Speaking of Ness, we have some exciting stuff on the horizon. Stay tuned!
This week’s dive is inspired by a recent podcast I’ve been digging - Between Two COO’s. If you’re into operations, I’d recommend subscribing. I’ll throw one more rec out - Supermanagers (fairly certain I’m late on this one). Start here with Scott Williamson, CPO at GitLab.
What are you listening to recently? Hit reply and let me know.
Hope you have a great week ahead!
Thanks for being a part of this newsletter. Every Sunday evening, I send a note about solving problems and wowing customers. Please say hi (reply here or at firstname.lastname@example.org). I’d love to hear from you.

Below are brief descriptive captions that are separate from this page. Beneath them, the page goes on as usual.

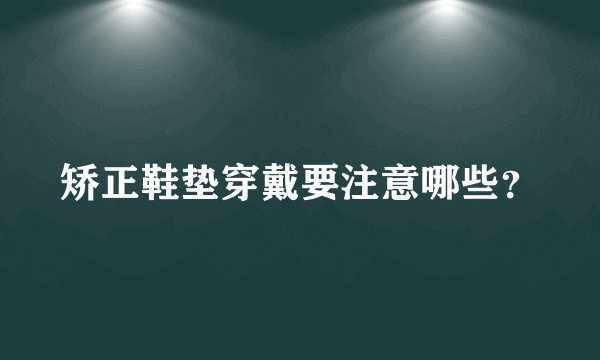 矫正鞋垫穿戴要注意哪些?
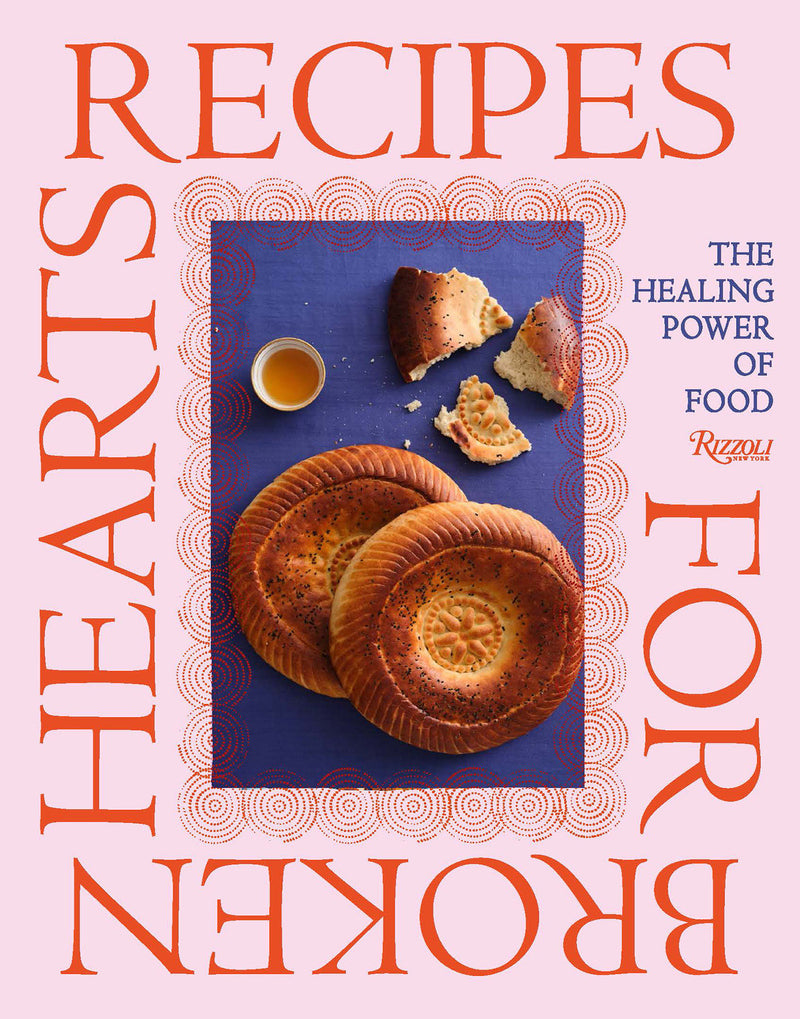Recipes for Broken Hearts:The Healing Power of Food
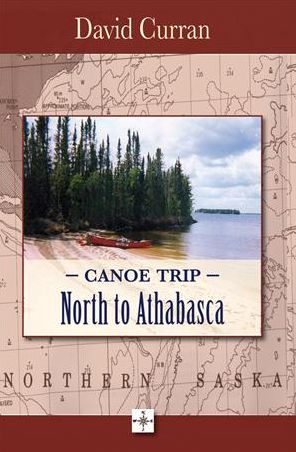 Cover for David Curran · Canoe Trip: North to Athabasca (Paperback Book) (2010)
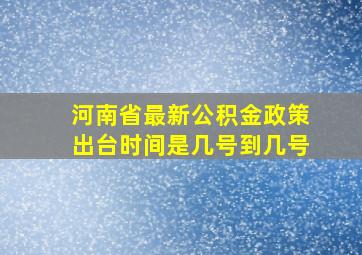 河南省最新公积金政策出台时间是几号到几号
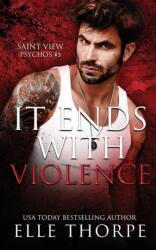 It Ends With Violence (ISBN: 9781922760159)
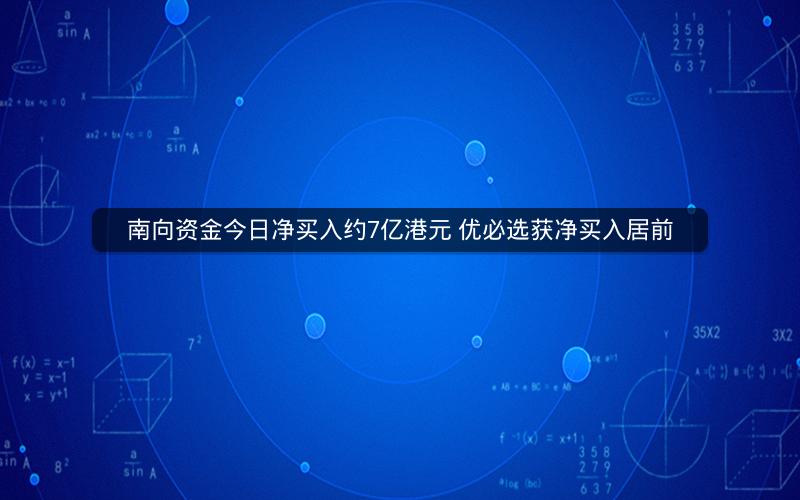 南向资金今日净买入约7亿港元 优必选获净买入居前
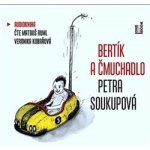 Bertík a čmuchadlo - Petra Soukupová – Hledejceny.cz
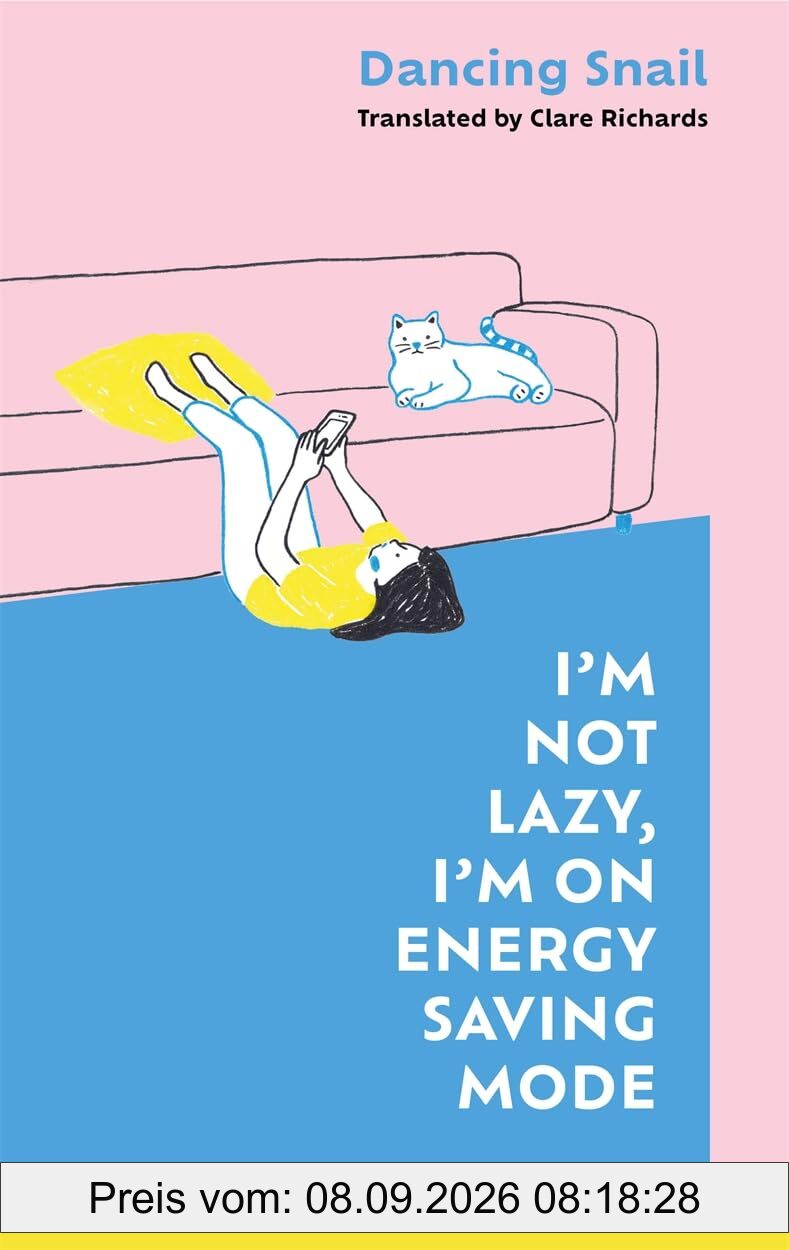 I'm Not Lazy, I'm on Energy Saving Mode: The Korean Non-Fiction Bestseller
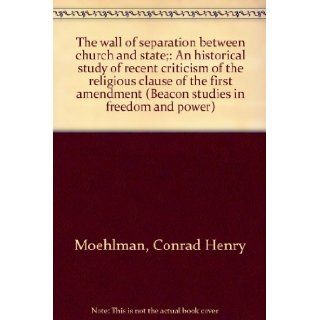 The wall of separation between church and state; An historical study of recent criticism of the religious clause of the first amendment (Beacon studies in freedom and power) Conrad Henry Moehlman Books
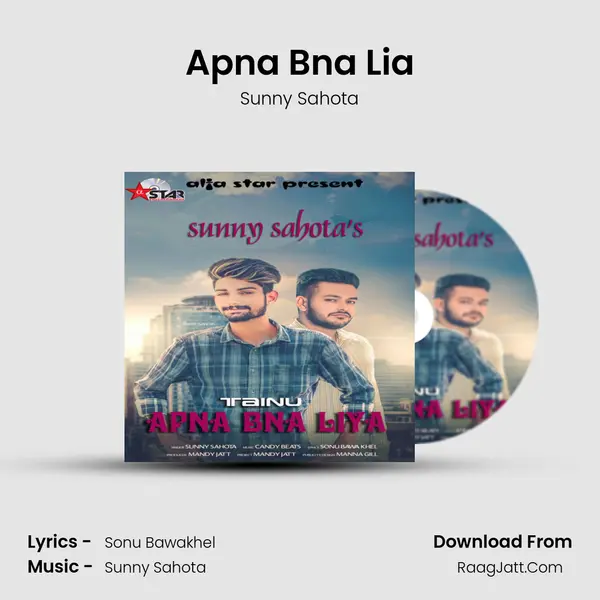 Apna Bna Lia MP3 Song by Sunny Sahota Cover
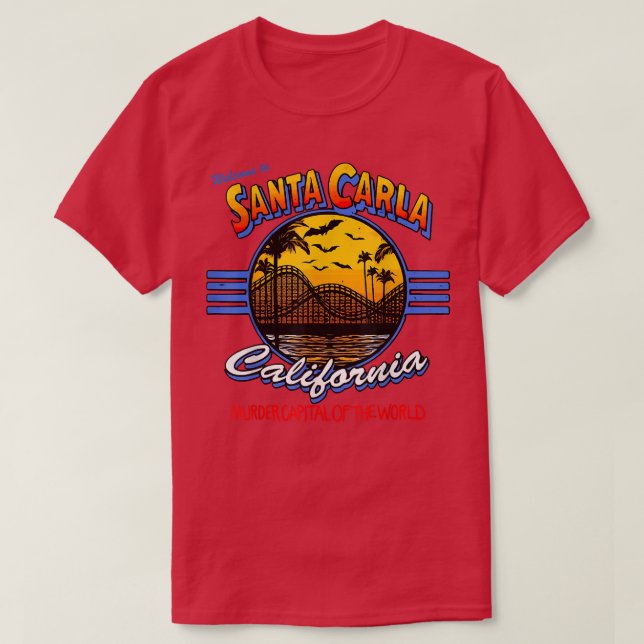 Santa Carla For Men And Women  T Shirt (Design framsida)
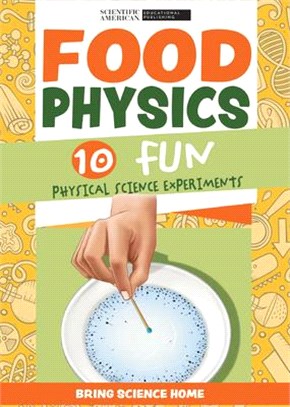 Food Physics: 10 Fun Physical Science Experiments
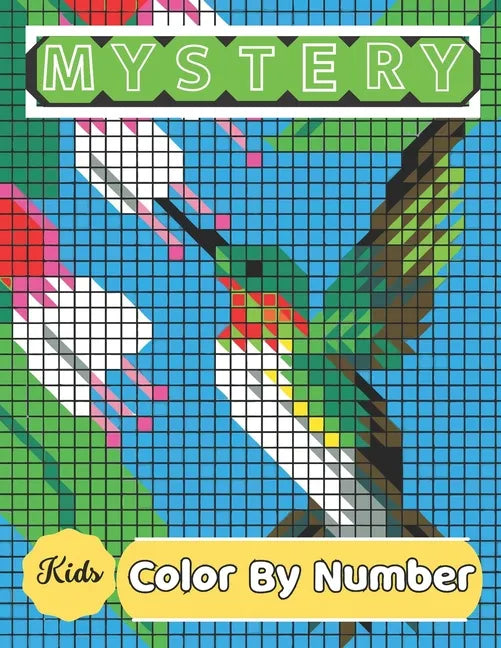 Mystery Mosaic Color By Number: Adults and Kids with Beautiful & Funny 50 Coloring Pages for Relaxation & Stress Relief - Great Gift Ideas (Mystery Mo - Paperback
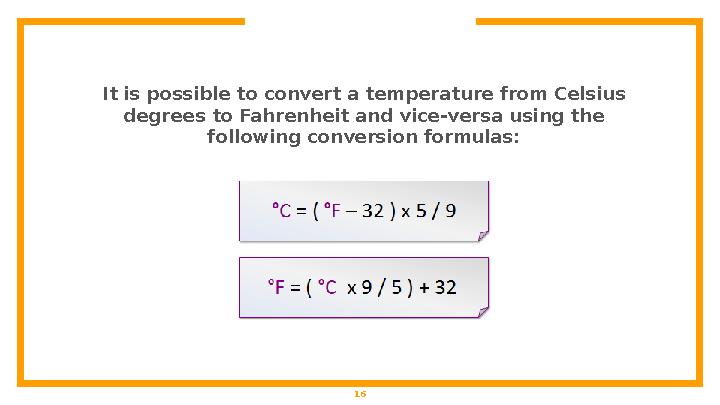 It is possible to convert a temperature from Celsius degrees to Fahrenheit and vice-versa using the following conversion formu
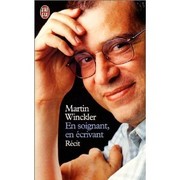 Cover of: En soignant, en écrivant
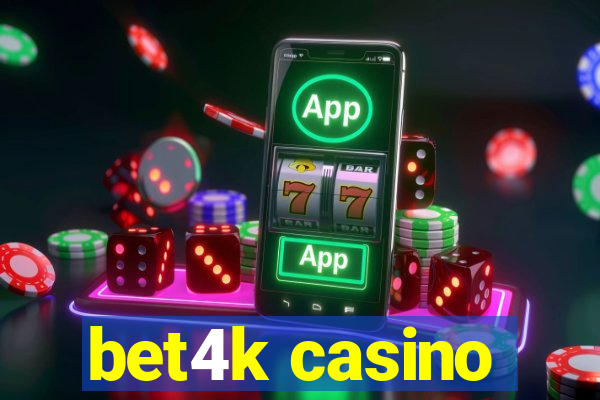 bet4k casino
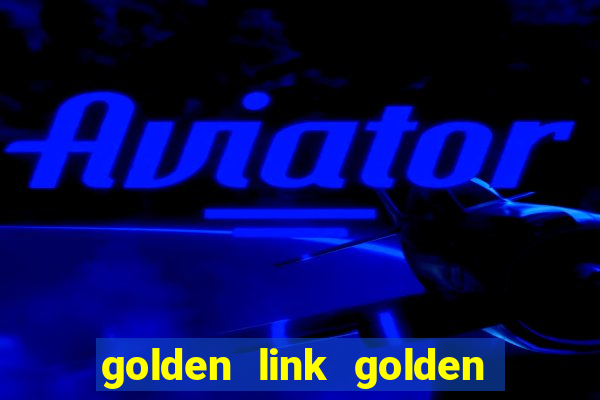 golden link golden sizzling hot slot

What is Systems Thinking anyway?
Last week, I listened to the latest episode of Between Two COO’s with Uplight COO Angela Tucci. Towards the end of the podcast, Angela offers a piece of advice for aspiring COOs:
Become a systems thinker.
I had three immediate thoughts:
“Yep - I’ve heard this advice before. Seems consistent!”
“Systems thinking feels obviously superior to the opposite…which is…well, I’m not sure. Unsystematic thinking? That can’t be right.”
“If pressed for a definition of systems thinking, I’m not exactly sure what I’d say. ‘Inputs something something outputs something else.’”
So, I dusted off my notes from Thinking in Systems with the aim of refreshing my memory on exactly what it means to be a systems thinker and why it’s so valuable. Then, I put together a practical example that highlights something I’m thinking about currently - modeling out our Support volume at Ness.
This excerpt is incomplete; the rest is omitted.